Edm.GeographyPointGeospatial point; used for location‐based search.
Complex Types (Edm.ComplexType & Collection(Edm.ComplexType))Nested objects: e.g. an Address object with subfields, or an array of objects (e.g. products with multiple offers).

Field Attributes

These are metadata flags on fields that determine how they behave in search / query API. Important ones:

AttributeWhat It Means
searchableWhether the field is full-text searchable (i.e. tokenized, analyzed). Only fields of type Edm.String or Collection(Edm.String) can be “searchable”.
filterableAllows use in $filter expressions.
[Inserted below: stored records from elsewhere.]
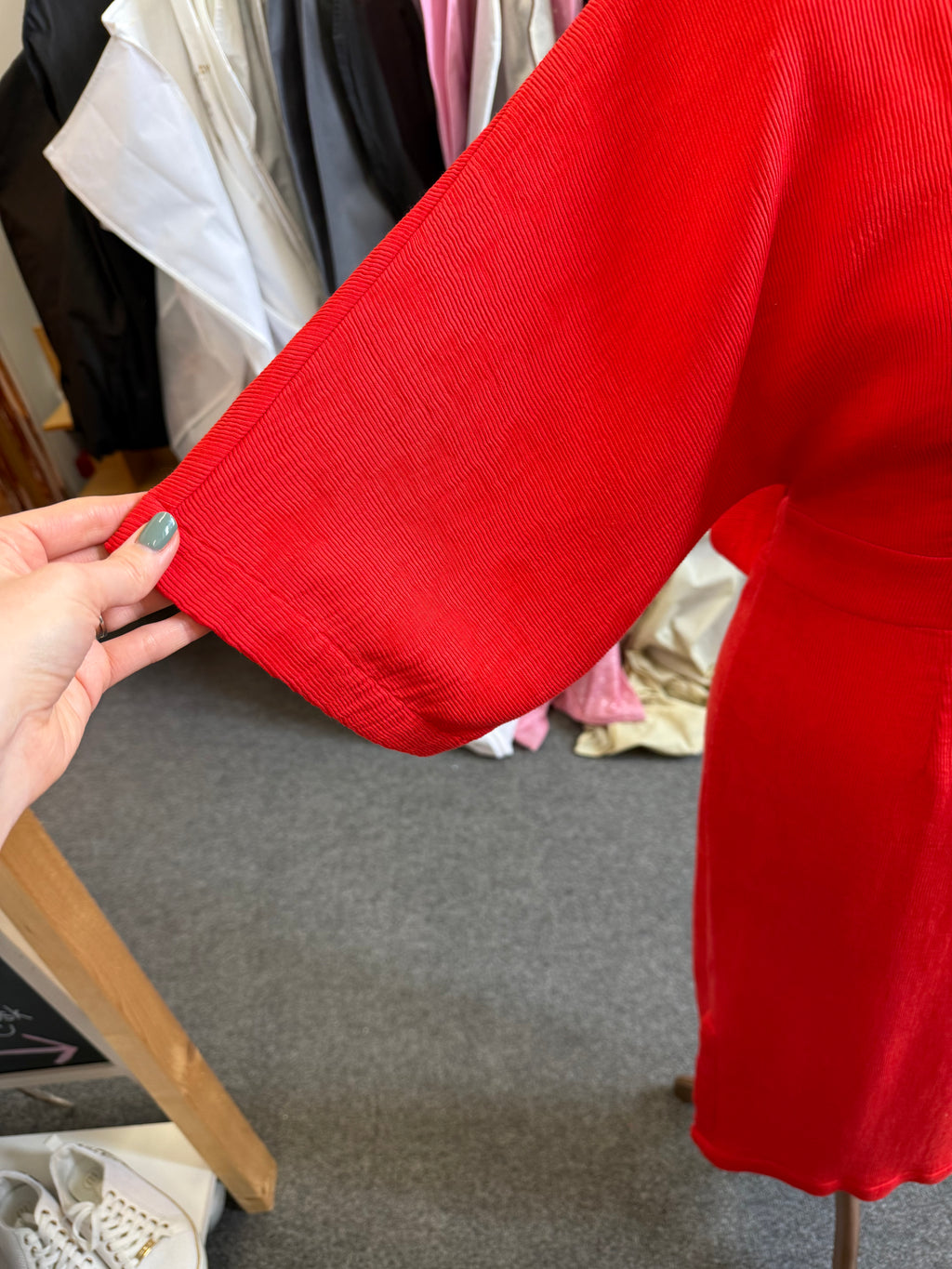 H&M red wide sleeve belted midi dress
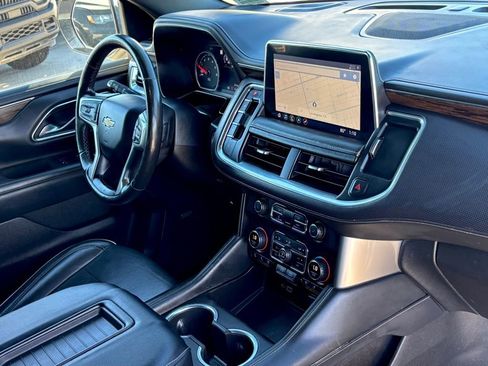Used 2021 Chevrolet Suburban Premier image 31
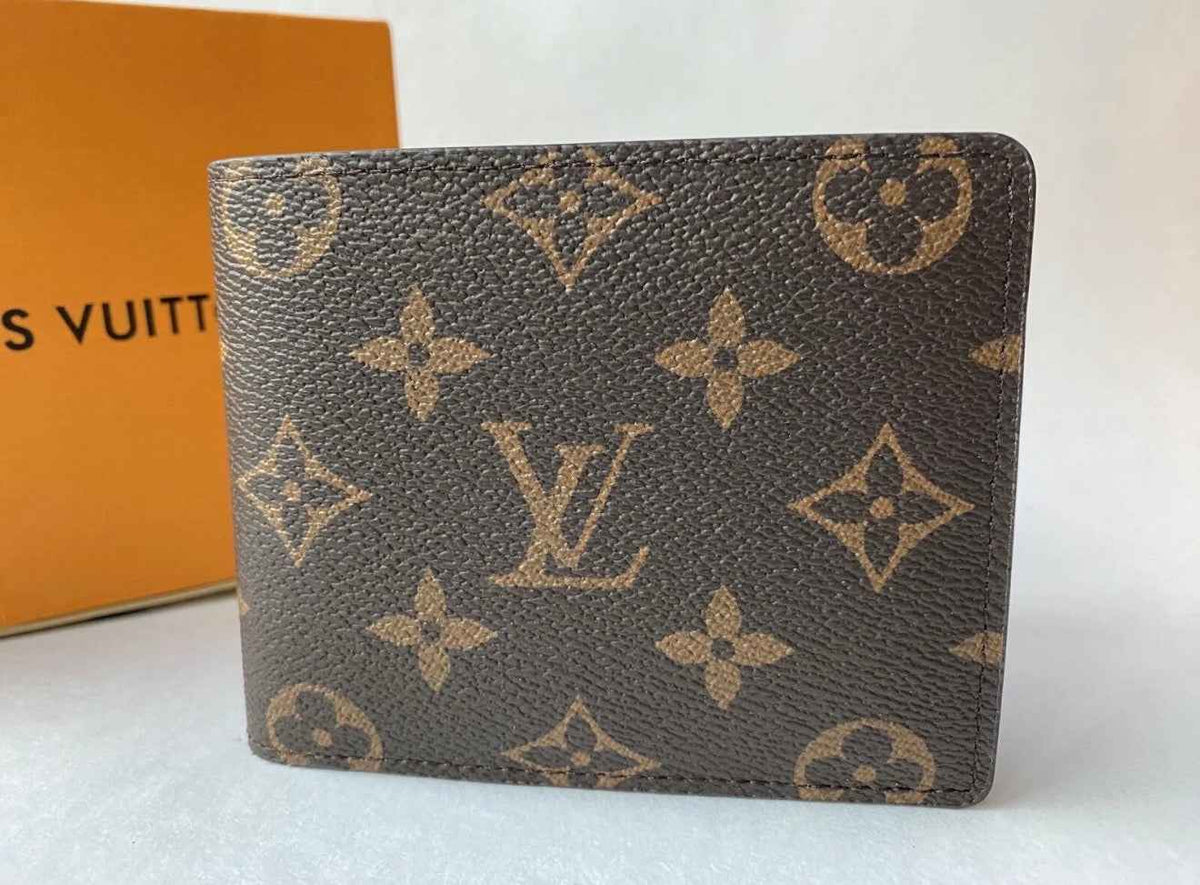 Manogram Luxury Wallet3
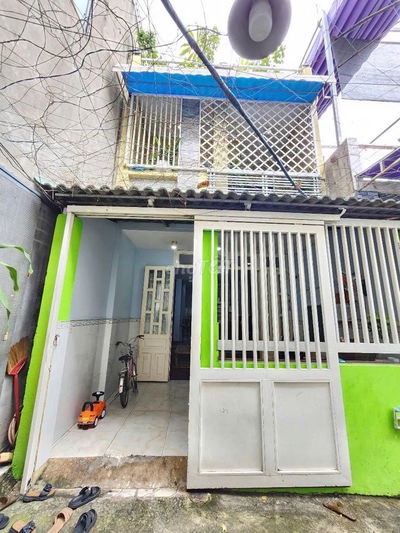 Bán nhà trệt lầu ngay chợ Đoàn Thị Kia gần ngã ba Ông Xã Dĩ An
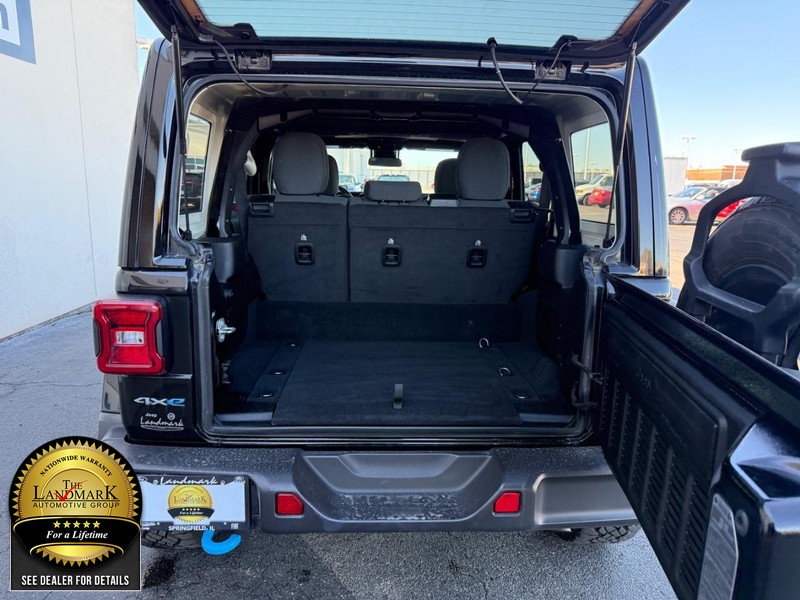 Jeep Wrangler 4xe Vehicle Full-screen Gallery Image 19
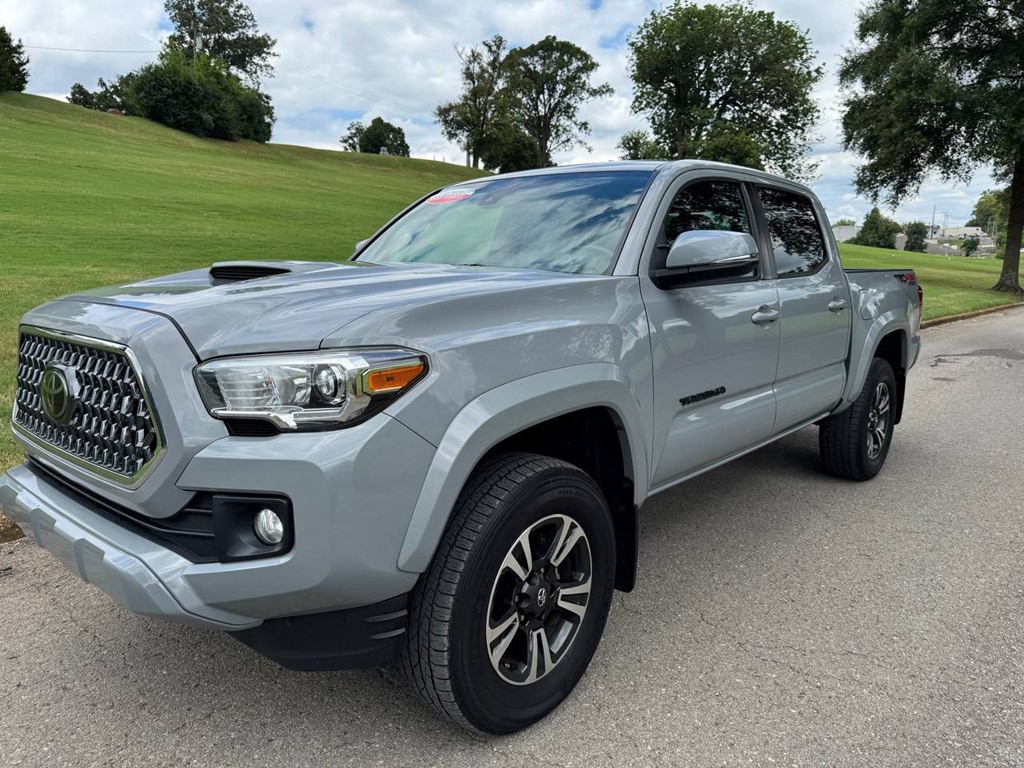 2019 Toyota Tacoma Image 2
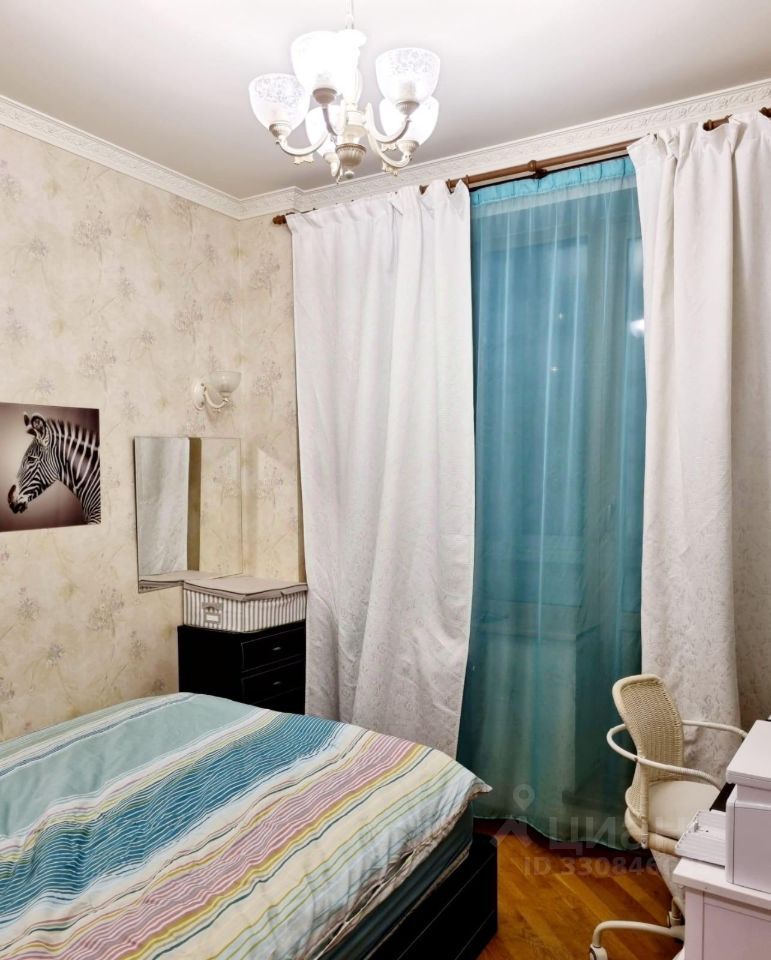 m. Baumanskaya: Apartment, 2-rooms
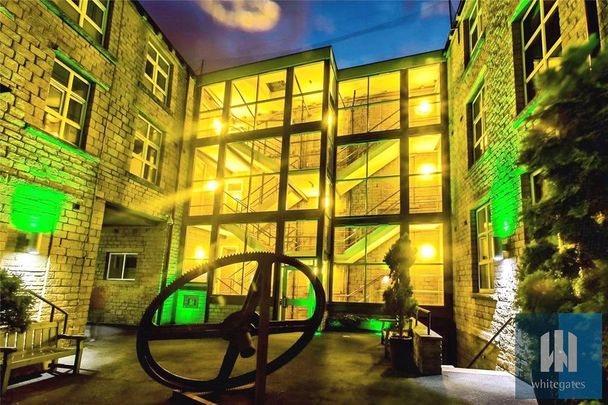 1 bedroom in a house share to rent - Photo 1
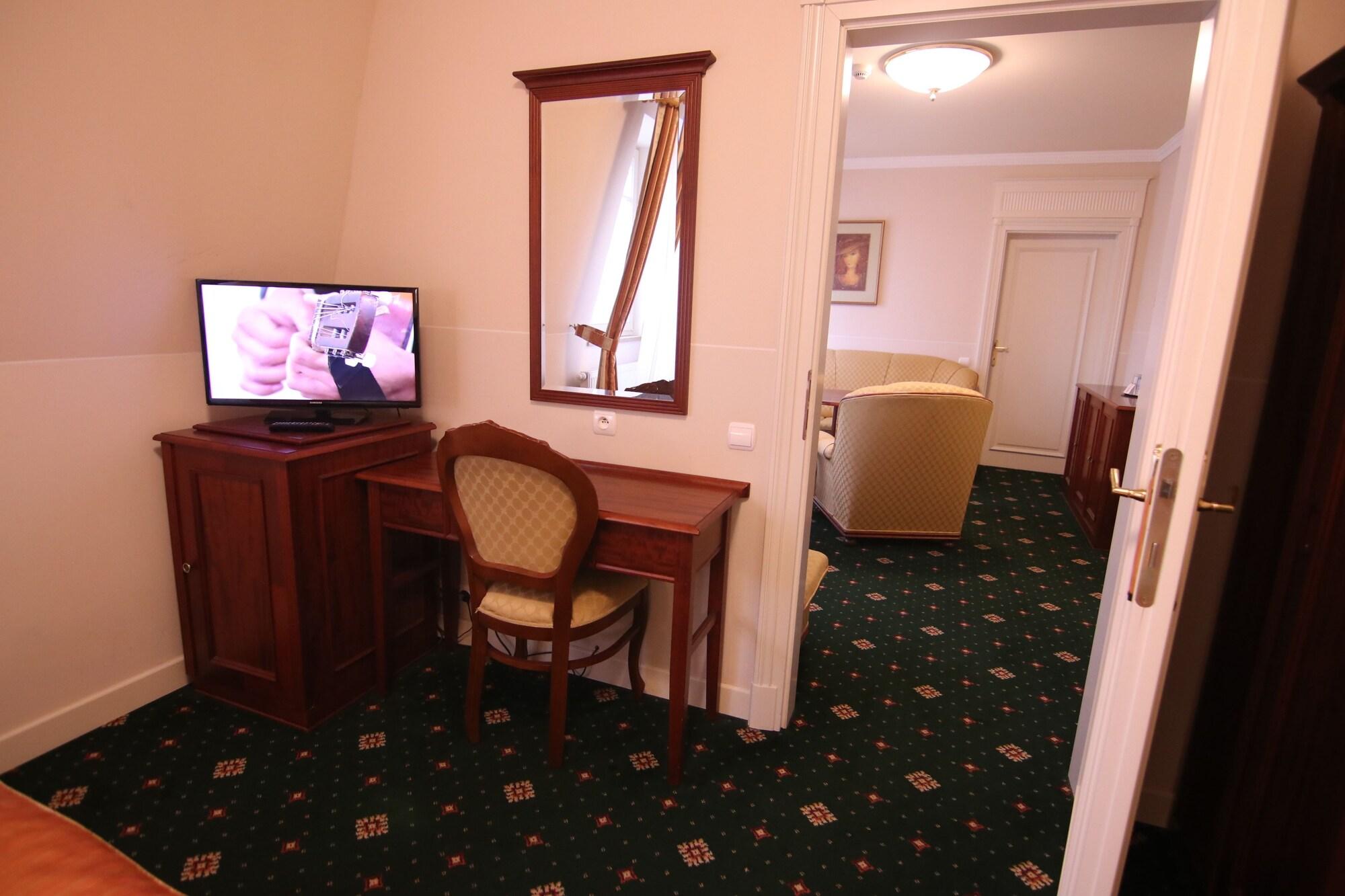 Humboldt Park Hotel & Spa การ์โลวีวารี ภายนอก รูปภาพ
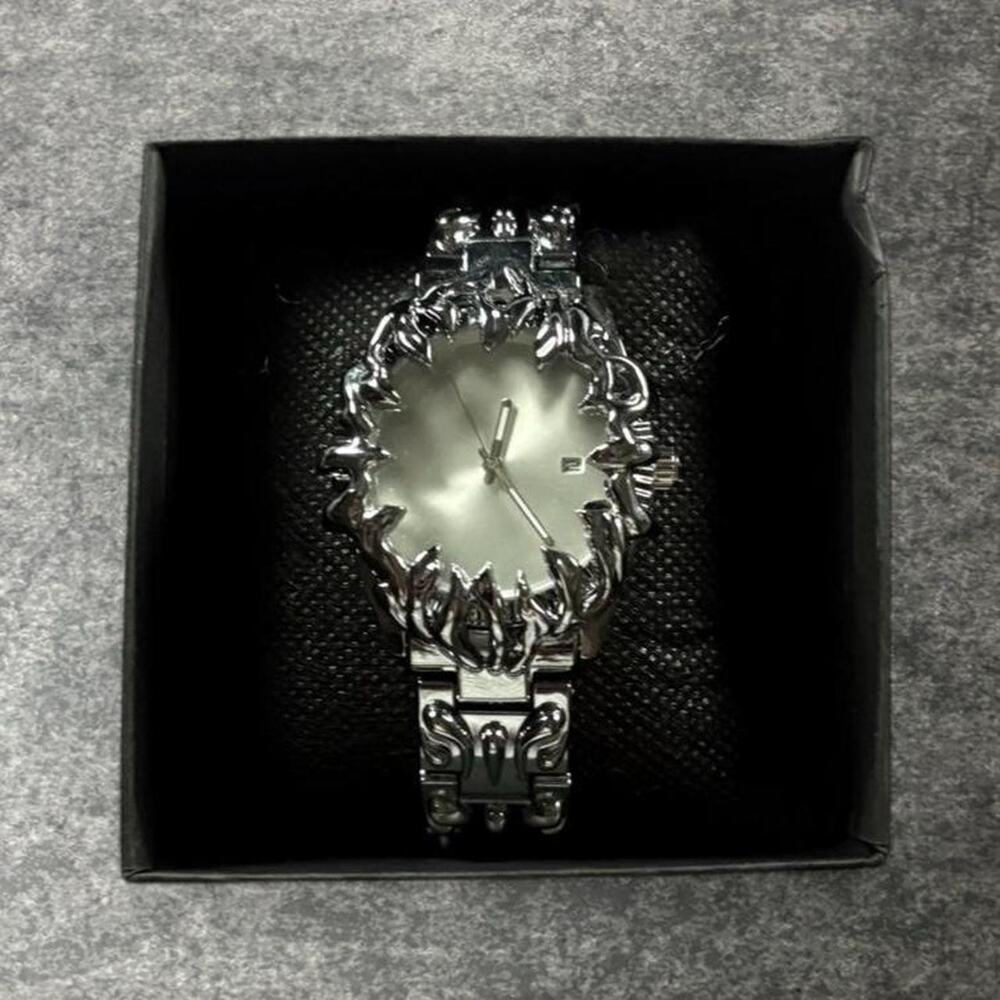 Silver Tone Gothic Flame Thorn Watch Tribal Link Bracelet Analog Date Y2K Style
Note: for string fields, filterable implies exact matching (no tokenization) and is case sensitive unless a normalizer is applied.
sortableAllows you to sort results on that field via $orderby. Only single-valued simple fields can be sortable (i.e. not arrays/collections).
facetableEnables faceted navigation (counts by category, etc.). Arrays and numeric or string fields are often facetable, but not vector or geography fields.
retrievableWhether the value of the field is returned in search results. Useful for hiding internal fields (e.g. IDs or flags) while still using them for filtering or scoring. The key field must be retrievable.
keyUnique identifier for each document in the index. Must be Edm.String type. Exactly one field must be marked key = true.

Other Index Settings

  • Analyzers: how text is broken up (“tokenized”), lowercased, accents removed, etc. Default is standard.lucene. You can use language analyzers (English, French, etc.), or custom ones.
  • Synonym maps: rules for mapping terms (“color” ↔ “colour”) at query time. Only on searchable fields.
  • Normalizers: for fields used in filtering/faceting/sorting. Normalizers do light transformations like making lowercase, removing diacritics, mapping special characters. These apply to string/collection string fields that are filterable/sortable/facetable.

Modeling Complex Types

When your data isn’t just flat (one record = simple fields) but has nested or repeating structures, you use complex types:

  • A complex field (Edm.ComplexType) is an object with subfields (child fields).
  • A collection of complex types (Collection(Edm.ComplexType)) is an array of such objects. For example: a Book document may have a field Authors which is a collection of objects, each with Name, Nationality, etc.

Key considerations:

  • Complex sub-fields can have the same attributes (searchable, filterable etc.) depending on type (simple or complex).
  • Nested complex types help modelling hierarchical data without flattening everything.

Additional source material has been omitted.